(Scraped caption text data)
== Segment start ==
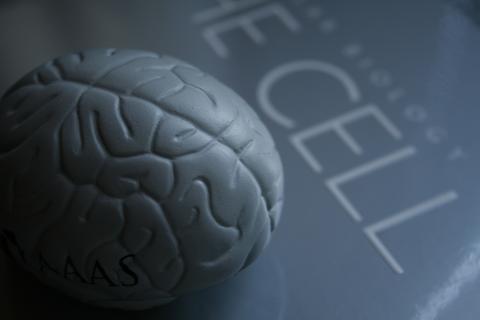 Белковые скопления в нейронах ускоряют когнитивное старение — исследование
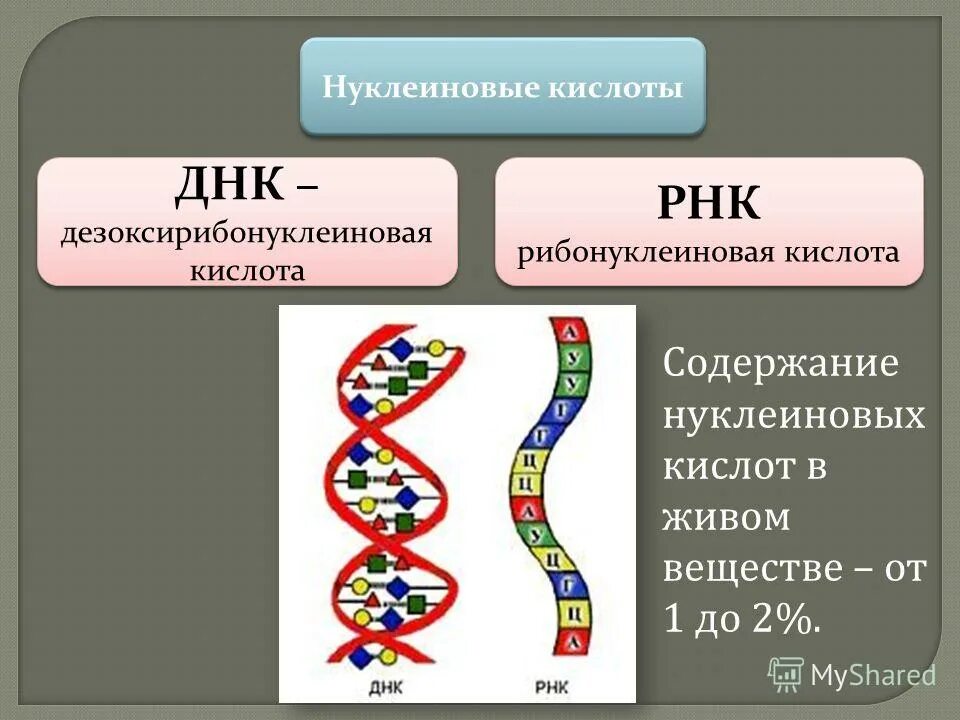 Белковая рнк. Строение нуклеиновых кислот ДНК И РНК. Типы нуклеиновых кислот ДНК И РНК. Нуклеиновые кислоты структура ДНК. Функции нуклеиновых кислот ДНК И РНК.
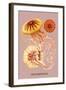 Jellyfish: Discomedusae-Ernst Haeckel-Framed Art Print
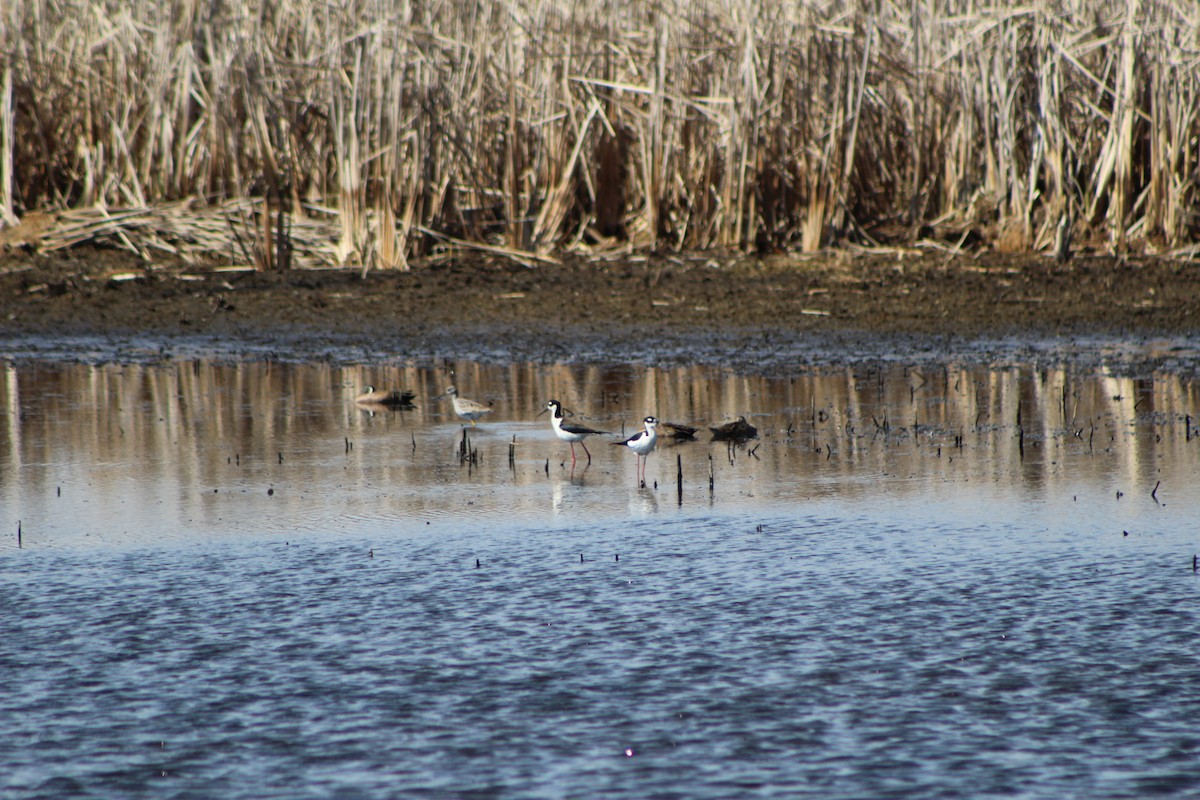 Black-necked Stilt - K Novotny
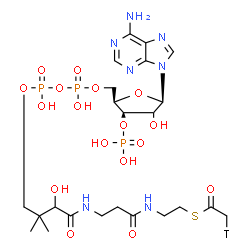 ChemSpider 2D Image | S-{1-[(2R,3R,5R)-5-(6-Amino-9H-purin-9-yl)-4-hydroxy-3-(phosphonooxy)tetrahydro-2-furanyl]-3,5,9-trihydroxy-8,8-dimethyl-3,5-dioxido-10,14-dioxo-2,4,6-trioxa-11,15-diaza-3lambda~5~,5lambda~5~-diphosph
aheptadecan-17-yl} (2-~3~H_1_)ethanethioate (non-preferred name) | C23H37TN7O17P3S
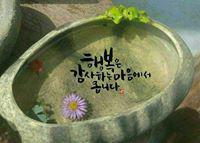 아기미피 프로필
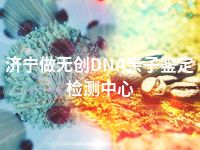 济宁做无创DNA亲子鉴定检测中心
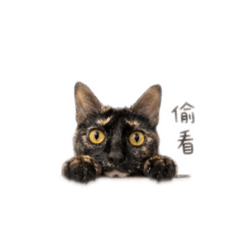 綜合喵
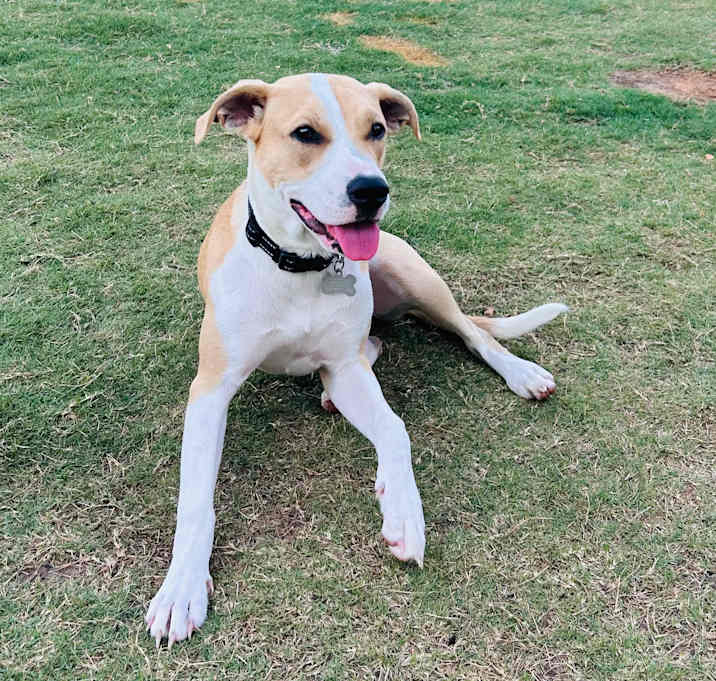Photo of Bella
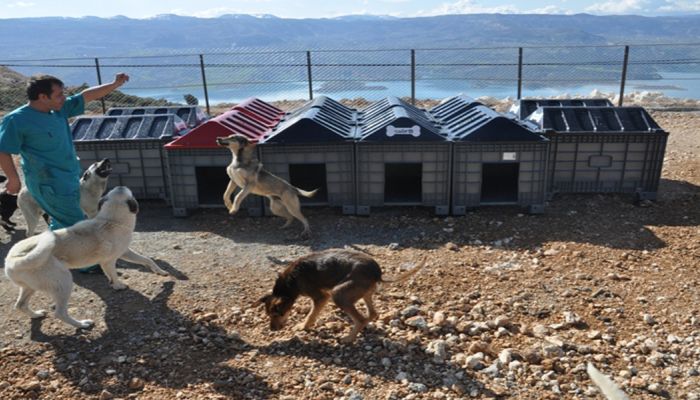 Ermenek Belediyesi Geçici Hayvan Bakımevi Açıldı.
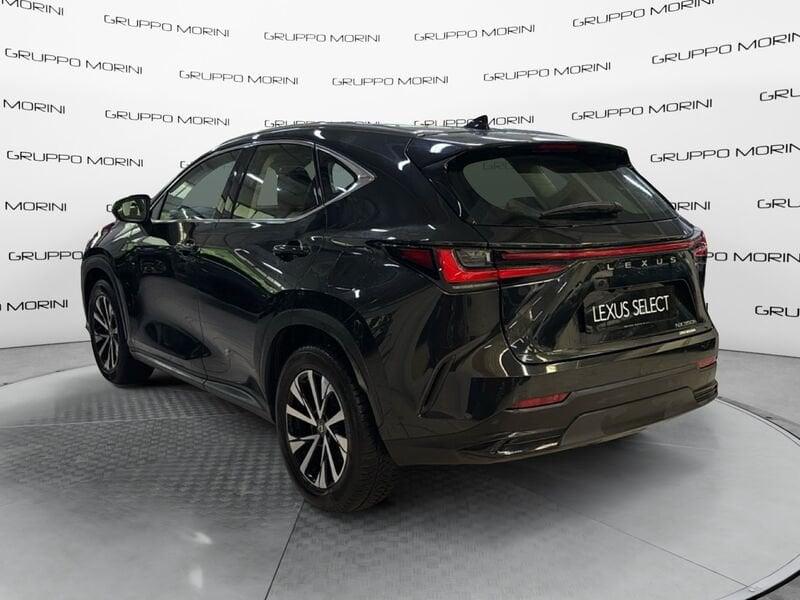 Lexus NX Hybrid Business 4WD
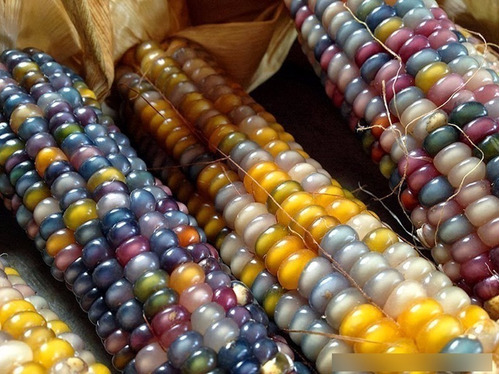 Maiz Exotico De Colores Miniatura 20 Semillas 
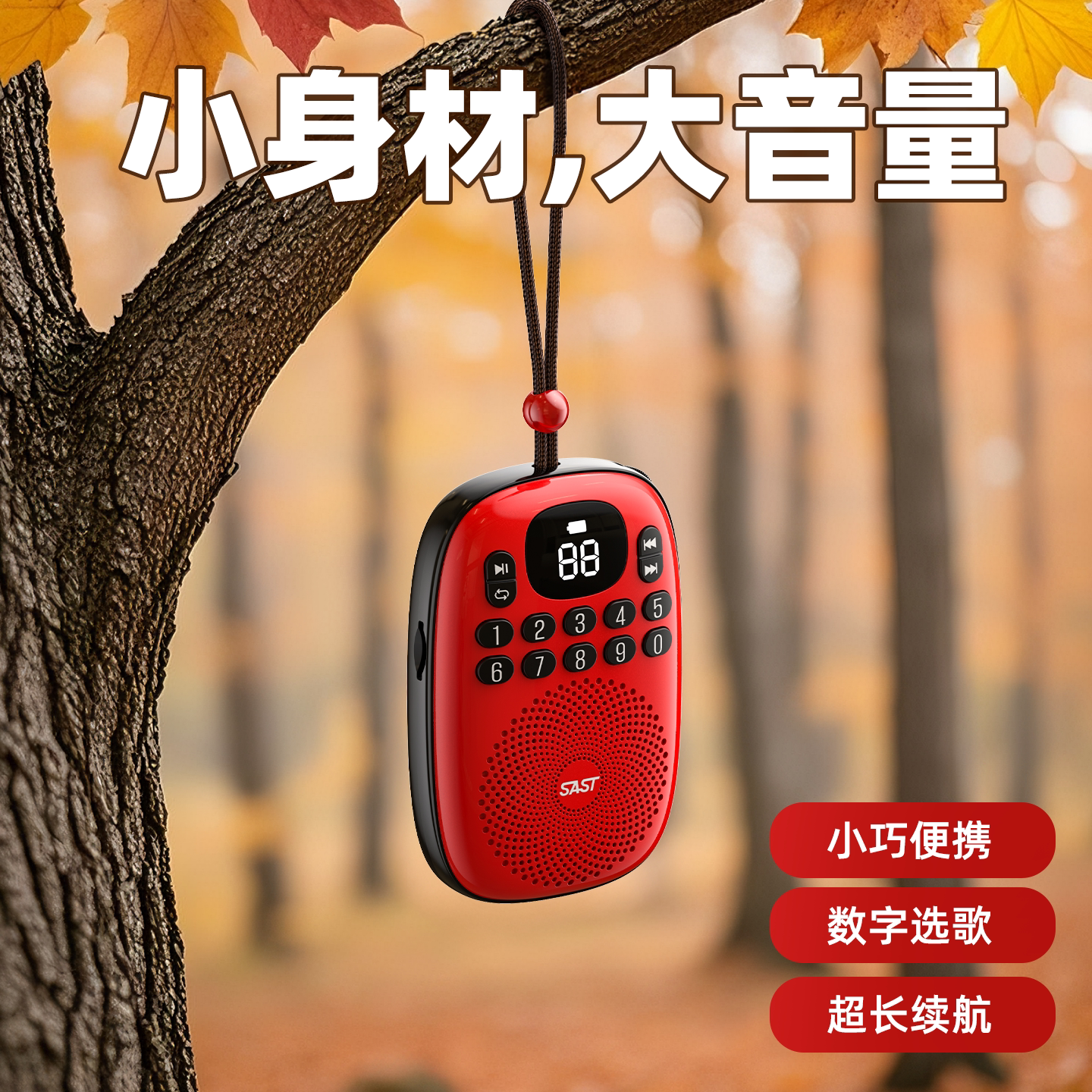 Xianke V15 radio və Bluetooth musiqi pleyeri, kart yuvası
== Segment end ==
→ **WHAT THE TASK ASKS**
Copy every line above word for word and exclude the pictures.

→ **ANSWER BELOW**
 Белковые скопления в нейронах ускоряют когнитивное старение — исследование
 Белковая рнк. Строение нуклеиновых кислот ДНК И РНК. Типы нуклеиновых кислот ДНК И РНК. Нуклеиновые кислоты структура ДНК. Функции нуклеиновых кислот ДНК И РНК.
 Jellyfish: Discomedusae-Ernst Haeckel-Framed Art Print
 Black-necked Stilt - K Novotny
 ChemSpider 2D Image | S-{1-[(2R,3R,5R)-5-(6-Amino-9H-purin-9-yl)-4-hydroxy-3-(phosphonooxy)tetrahydro-2-furanyl]-3,5,9-trihydroxy-8,8-dimethyl-3,5-dioxido-10,14-dioxo-2,4,6-trioxa-11,15-diaza-3lambda~5~,5lambda~5~-diphosph
aheptadecan-17-yl} (2-~3~H_1_)ethanethioate (non-preferred name) | C23H37TN7O17P3S
 아기미피 프로필
 济宁做无创DNA亲子鉴定检测中心
 綜合喵
Photo of Bella
 Ermenek Belediyesi Geçici Hayvan Bakımevi Açıldı.
 Lexus NX Hybrid Business 4WD
 Maiz Exotico De Colores Miniatura 20 Semillas 
 Xianke V15 radio və Bluetooth musiqi pleyeri, kart yuvası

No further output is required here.